(Aim of the exercise): The expected answer comprises all lines from the entries that contain the string "York".

[Scraped caption text data]

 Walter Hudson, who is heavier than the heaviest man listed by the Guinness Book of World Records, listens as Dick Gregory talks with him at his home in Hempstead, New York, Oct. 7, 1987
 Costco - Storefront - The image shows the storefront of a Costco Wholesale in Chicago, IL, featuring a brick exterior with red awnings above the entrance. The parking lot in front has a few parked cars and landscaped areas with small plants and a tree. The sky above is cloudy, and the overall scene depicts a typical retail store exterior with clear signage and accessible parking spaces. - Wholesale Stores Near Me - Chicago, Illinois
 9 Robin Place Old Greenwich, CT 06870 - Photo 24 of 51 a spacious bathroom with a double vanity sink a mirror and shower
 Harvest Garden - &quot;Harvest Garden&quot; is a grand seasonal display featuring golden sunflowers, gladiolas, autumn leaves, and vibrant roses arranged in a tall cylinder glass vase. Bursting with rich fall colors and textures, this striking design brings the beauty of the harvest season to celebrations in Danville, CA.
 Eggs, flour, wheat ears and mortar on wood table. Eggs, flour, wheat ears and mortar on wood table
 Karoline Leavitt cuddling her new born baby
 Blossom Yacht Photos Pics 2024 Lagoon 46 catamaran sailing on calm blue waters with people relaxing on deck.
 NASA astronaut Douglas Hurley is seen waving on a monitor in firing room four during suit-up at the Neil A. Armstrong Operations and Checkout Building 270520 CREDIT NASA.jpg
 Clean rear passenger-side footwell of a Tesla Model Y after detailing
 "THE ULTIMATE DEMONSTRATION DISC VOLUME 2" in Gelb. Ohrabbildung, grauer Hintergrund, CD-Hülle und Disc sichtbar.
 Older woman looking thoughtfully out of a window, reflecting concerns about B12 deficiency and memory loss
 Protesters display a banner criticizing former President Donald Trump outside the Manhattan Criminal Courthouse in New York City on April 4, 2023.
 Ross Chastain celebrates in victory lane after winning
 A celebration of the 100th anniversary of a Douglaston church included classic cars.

(Response to the exercise):
 Walter Hudson, who is heavier than the heaviest man listed by the Guinness Book of World Records, listens as Dick Gregory talks with him at his home in Hempstead, New York, Oct. 7, 1987
 Protesters display a banner criticizing former President Donald Trump outside the Manhattan Criminal Courthouse in New York City on April 4, 2023.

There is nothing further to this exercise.